Volunteering for Big Oil

On the same day, the Sun found another pro-pipeline voice living in Vancouver, a beaming young man named Christopher Wilson. What might be his expertise to assure us that tanker traffic is "safer than ever?"

The Sun tells us only that Wilson is an "educator" who "is the B.C. representative for canadaaction.ca, a volunteer movement for Canadians to take action and work together in support of the resource sector."

I went to canadaaction.ca yesterday, Feb. 1, to try and learn about its volunteers and backers, only to read the website is "taking a quick break."

Hmmm. As Wilson extols the virtues of exporting oil through his province from Alberta, he cites the reassurances of the Fraser Institute. Now, of course we all have come to rely upon the Fraser Institute for completely unbiased opinions on matters of this sort. The fact that it has been funded by the bitumen refining, oil tycoon Koch brothers and other entities with ties to fossil fuel corporations is irrelevant. Right.

May I offer a small reality check for Christopher Wilson, who volunteers his time not to protest, but to "support" the aims of the oil industry?

Despite what the Fraser Institute says, all tankers are safe until one hits something and spills its cargo into the ocean or along shores.* Mathematically, it is a certainty that there will be tanker accidents on our coast if the proposed pipelines go through.

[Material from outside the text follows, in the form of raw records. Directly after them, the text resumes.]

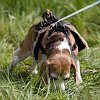 IMG_9854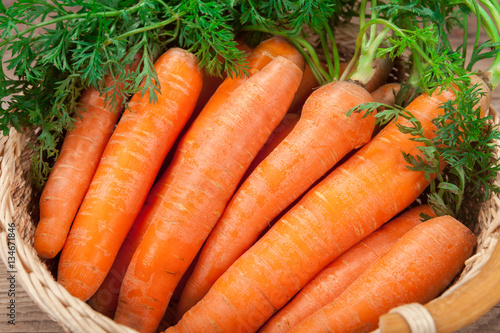 fresh carrots bunch on rustic old basket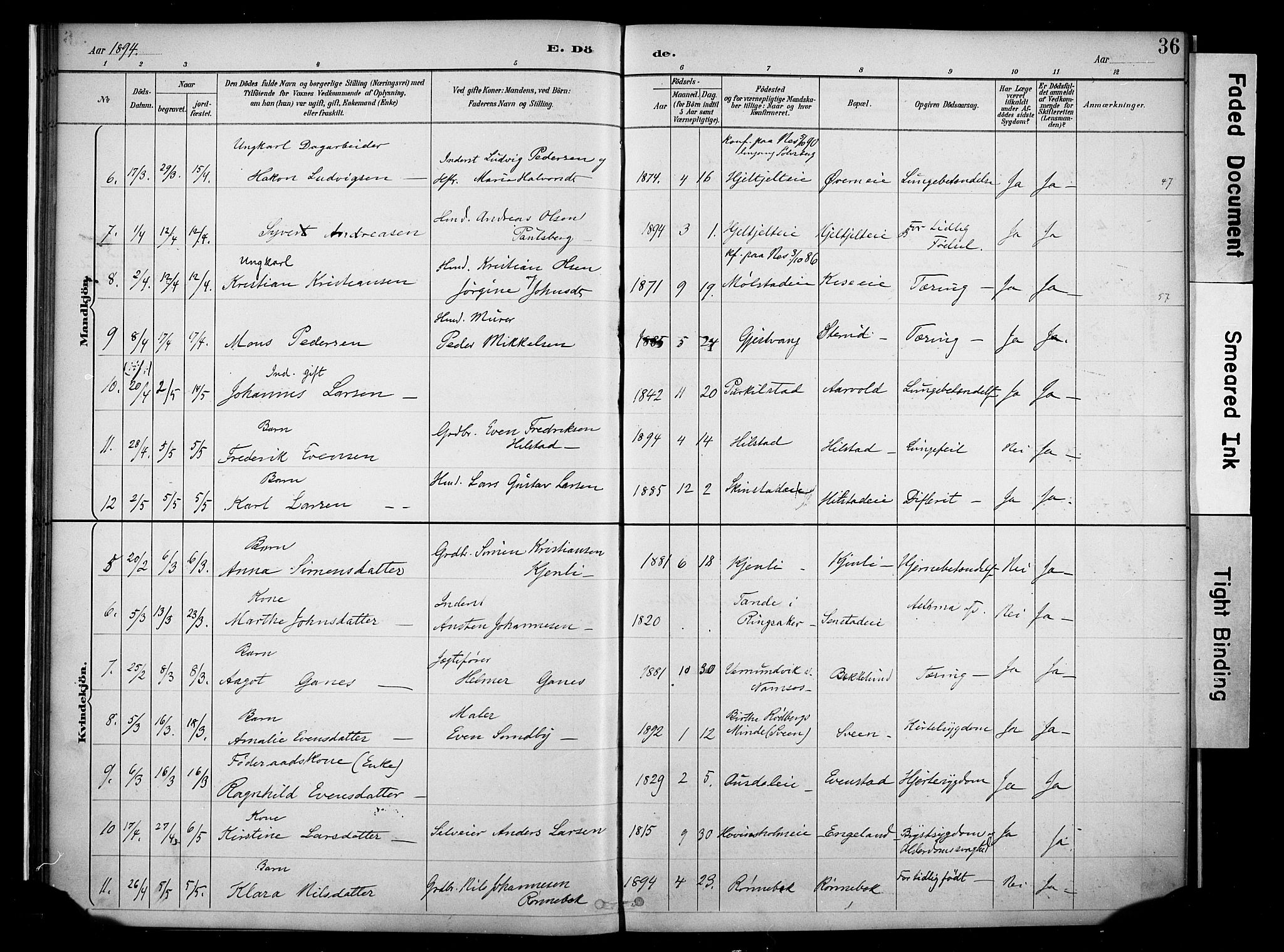 Nes prestekontor, Hedmark, AV/SAH-PREST-020/K/Ka/L0011: Parish register (official) no. 11, 1887-1905, p. 36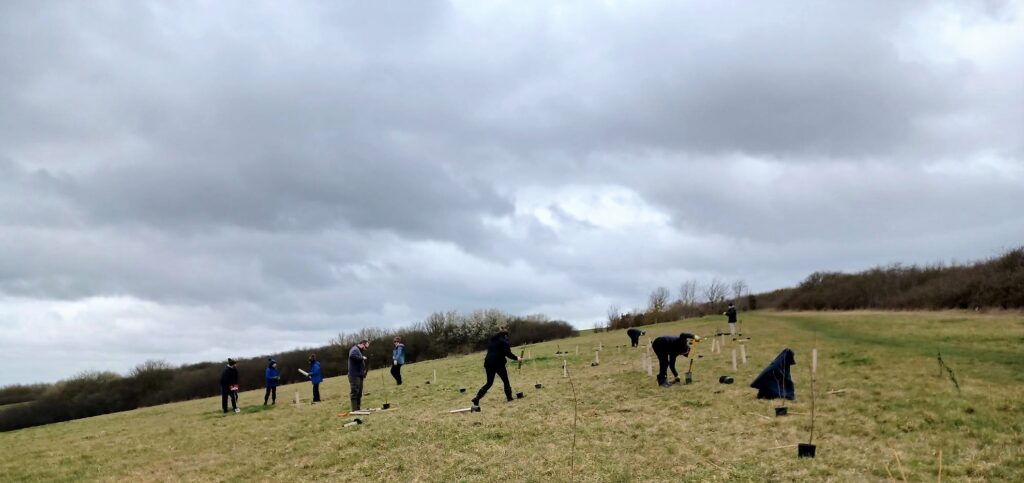 community tree planting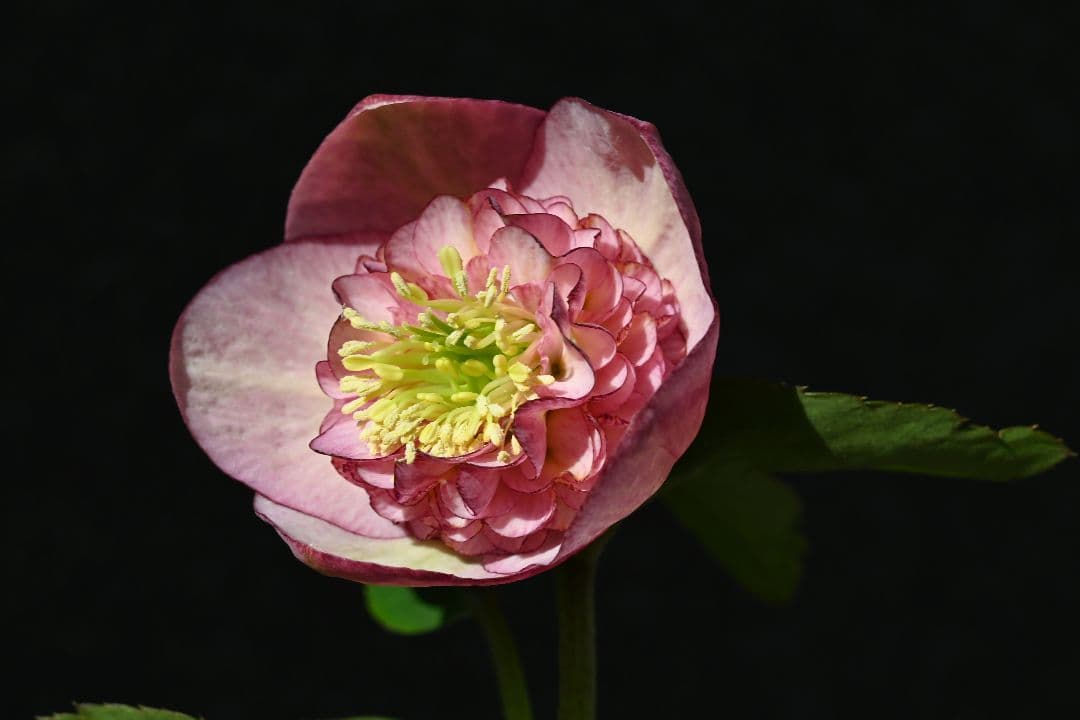 クリスマスローズ　認定カップモーリー　加藤農園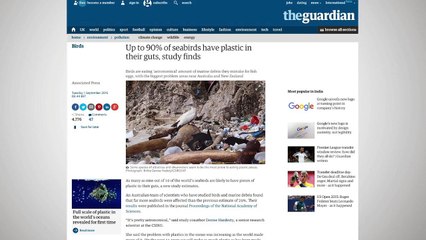 Download Video: Nine In Ten Seabirds Have Plastic In Their Systems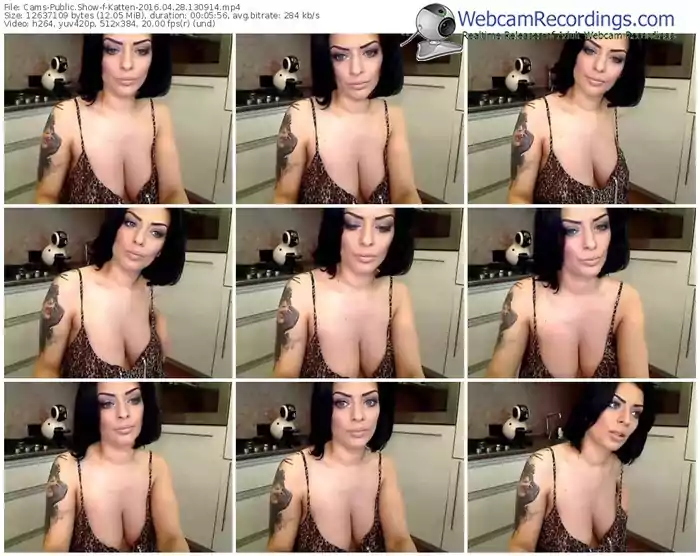cams-katten-webcam-show-04_28_2016-13_09_14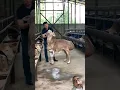 Download Lagu kita sebut saja KAMBING BOKONG SEMOK #shorts #kambing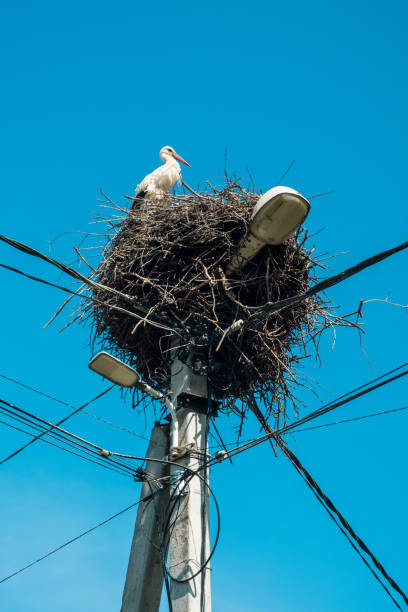 istock Single stork in the nest up in the lamp post, blue background 2152469827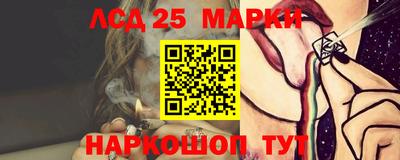 сатива Кингисепп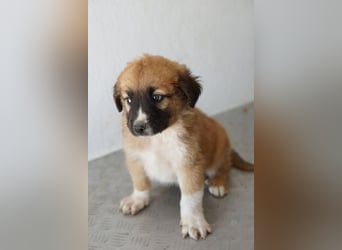 Scotch, geb. ca. 12/2025, lebt in GRIECHENLAND, im städt. Tierheim Serres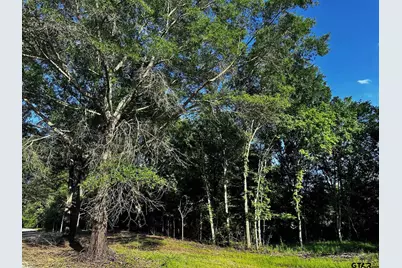 Tract B / 231 Private Road 8507, Van, TX 75790 - Photo 5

A certainty.

Election with much on line

We are in an election year and, as you may have determined, I'm angry. I see people travelling up and down the Sea-to-Sky gazing at Howe Sound, that world-renowned gem. I am desperately concerned that this beautiful place is going to be desecrated for the purpose of fossil fuel shipments to the Far East, and I want to weep.

I open our province's supposed newspaper of record and there, on a single day, are two columns that pretend to tell me I am misplaced in my concerns and should question my solidarity with like-minded protestors.

I cannot accept the implicit message that Prime Minister Stephen Harper really knows what's best for us. The 2015 election is the last chance we have to demand, and seize, the right to decide our own fate.